Courbe des années de guerre entre grandes puissances : Roser, M. War and peace.
Les médias nous parlent presque quotidiennement de guerres. Cependant, ces situations, certes très préoccupantes, nous empêchent de voir la baisse considérable de morts par guerre au cours des récentes décennies. Il est très rare aujourd’hui qu’un Etat fasse la guerre à un autre, alors que c’était un phénomène bien plus fréquent dans le passé.
Les guerres interétatiques, qui ont fait des centaines de millions de morts dans le passé, ont presque totalement disparu. Les guerres civiles actuelles, aussi dramatiques soient-elles, sont bien moins meurtrières.
La situation s’est aggravée depuis 2010, mais malgré cela, le nombre de morts reste sans commune mesure avec des situations antérieures. Ainsi, le pic considérable de 1994 est dû au génocide des Tutsis au Rwanda (entre 500 000 et un million de morts). Or, une telle quantité de victimes, exceptionnelle lors d’une guerre civile, était assez fréquente dans les guerres internationales d’autrefois. Rappelons par exemple que la Seconde Guerre mondiale a entraîné 60 millions de morts, les conquêtes mongoles par Gengis Khan et ses successeurs (13e siècle) 40 millions, la politique de Staline 20 millions, les guerres napoléoniennes 5 millions. Les victimes de guerre sont bien moins nombreuses de nos jours que dans le passé.
John Mueller a été en 1989 l’un des premiers à analyser cette quasi-disparition des guerres internationales [1]. Selon lui, la guerre entre grandes puissances est progressivement devenue à la fois repoussante et futile [2].
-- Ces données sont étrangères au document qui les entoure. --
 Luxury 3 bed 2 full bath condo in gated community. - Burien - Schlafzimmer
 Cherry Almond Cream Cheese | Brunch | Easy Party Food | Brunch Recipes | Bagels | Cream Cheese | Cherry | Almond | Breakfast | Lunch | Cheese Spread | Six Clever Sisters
Repoussante car elle a perdu son prestigieux attrait : elle n’est plus synonyme de courage et de vertu et n’apporte plus la gloire à celui qui en fait son métier. Futile car les objectifs internationaux des chefs d’état ont changé. Autrefois, c’était l’acquisition de territoires, la démonstration de force ou encore la promotion d’une idéologie ou d’une religion, tandis qu’aujourd’hui, c’est surtout la prospérité économique du pays, objectif que la guerre ne peut que freiner. Ce « glissement de valeurs » [3] fait que la guerre est généralement considérée aujourd’hui au mieux comme un moindre mal en ultime recours, au pire comme une monstruosité.
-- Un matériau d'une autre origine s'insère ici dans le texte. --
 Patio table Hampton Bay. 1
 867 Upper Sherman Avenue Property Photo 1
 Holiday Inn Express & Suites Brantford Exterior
Ce processus a été graduel, ce qui explique d’affreuses résurgences comme les deux guerres mondiales. Mais précisément, ces drames n’ont fait que renforcer ce rejet de la guerre [4]. La thèse de Mueller a été abondamment discutée, mais demeure globalement solide[5] et il est permis de faire preuve d’un optimisme lucide pour l’avenir[6], tout en restant vigilant face au risque de résurgences, même limitées, comme c’est le cas depuis quelques années.
[1] Mueller, J. (1989). Retreat from Doomsday : the obsolescence of major war, New York, Basic Books.
[2] Idem, p. 4, 217.
[3] Idem, p. 221
[4] Idem, p. 55.
[5] Fortmann M. & Gomand J. (2004). L’obsolescence des guerres interétatiques ? Une relecture de John Mueller, Raisons politiques, 13, 79-96.
[6] Väyrynen, R. (ed.). (2006). The waning of major war: theories and debates, New York, Routledge. Fettweis, C. (2010). Dangerous time? The international politics of great power peace, Washington, Georgetown university press. David, C.-P. (2013). Repenser la guerre et la paix au xxie siècle, Politique étrangère, 3, 27-38.